Heyyy… Itu bukan wajah serius! Itu lebih tepat dikatakan wajah cemas. Sepertinya mami lebih cemas dari dirinya malam ini.

Adalah hal yang aneh bagi Lidya melihat ekspresi cemas di wajah maminya itu. Wanita sosialita itu biasanya selalu berwajah ceria, seolah tidak pernah ada beban dalam hidupnya. Tapi malam ini wajahnya setegang itu.

Biasanya setiap malam, setelah selesai makan malam papi dan mami akan mengobrol santai di gazebo yang terletak di halaman samping rumah, bukan mengobrol serius seperti ini dengan dirinya. Lidya merasa situasi saat ini seperti rapat anggota komisi DPR.

“Sebenarnya ada apa ini? Kok aku jadi ga nyambung gini sih…” Ujar Lidya.

Kedua adik laki-laki Lidya yang sejak tadi berdiam diri mulai menoleh ke arah Lidya. Namun hanya sekejap saja, tidak lama kemudian mereka kembali fokus pada ponsel masing-masing. Apa lagi yang dikerjakan, kalau bukan autis dengan berbagai game online yang tersedia di gadget itu.

Tidak perlu heran lagi, keluarga Lidya adalah keluarga yang banyak menghabiskan waktu untuk hal-hal yang kurang berguna.

Setidaknya itu menurut pendapat pribadi Lidya. Jadi, hati kecil Lidya tidak bisa terima jika mendadak keadaan menjadi begini.

“Lidya, kamu akan menikah bulan depan.” Jawaban Nyonya Harmoko membuyarkan lamunan Lidya.

“Hadeuuhhh… Please deh! Mami, aku masih kuliah. Kenapa tiba-tiba harus menikah?” Tanya Lidya.

“Iya, tidak masalah, bukan?” Nyonya Harmoko balik bertanya.

“Ya masalah dong, mi. Aku belum berencana menikah. Aku harus fokus kuliah dulu.” Lidya mulai berargumen.

“Lidya, pernikahan ini lebih penting daripada kuliah kamu!” Potong Pak Harmoko.

“Hahhh… Whatttt?!” Seru Lidya.

“Sejak kapan pernikahan lebih penting dari perkuliahan? Memangnya papi dan mami mau aku putus kuliah nanti karena pernikahan?” Lidya masih terus berusaha membantah.

“Lidya, jangan membantah perintah papi!” Nyonya Harmoko mulai meninggikan suaranya.

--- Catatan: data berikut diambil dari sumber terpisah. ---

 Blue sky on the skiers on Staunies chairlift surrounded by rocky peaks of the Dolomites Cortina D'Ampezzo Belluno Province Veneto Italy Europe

“Justru kalau kamu tidak segera menikah, posisi kuliah kamu semester depan jelas terancam!” Sambung Nyonya Harmoko dengan wajah kesal.

“Kenapa gitu?” Tanya Lidya polos.

“Lidya, kamu kan tahu project papi mengalami kerugian milyaran rupiah. Kita punya banyak hutang sana-sini. Dalam waktu beberapa bulan ini kita harus bisa melunasi semuanya. Kalau tidak… Rumah ini akan disita.” Ujar Nyonya Harmoko putus asa.

“Oh… God…” Lidya mendesis lirih.

“Papi, apakah pihak kepolisian belum bisa menemukan para penipu itu?” Tanya Lidya.

“Hemmm… Semuanya masih dalam penyelidikan. Papi sudah keluar uang banyak untuk kasus-kasus itu. Waktu berjalan terus. Kita betu-betul terjepit sekarang.” Papi berusaha menjelaskan keadaan yang sesungguhnya pada Lidya.

Lidya mendengus pelan. Dia merasa kesal sendiri. Pada dasarnya dia mengerti keadaan yang sedang dihadapi keluarganya. Lidya sebenarnya ingin sekali menyampaikan pada kedua orang tuanya bahwa pengeluaran mereka selama ini terlalu besar akibat lifestyle yang terlalu tinggi.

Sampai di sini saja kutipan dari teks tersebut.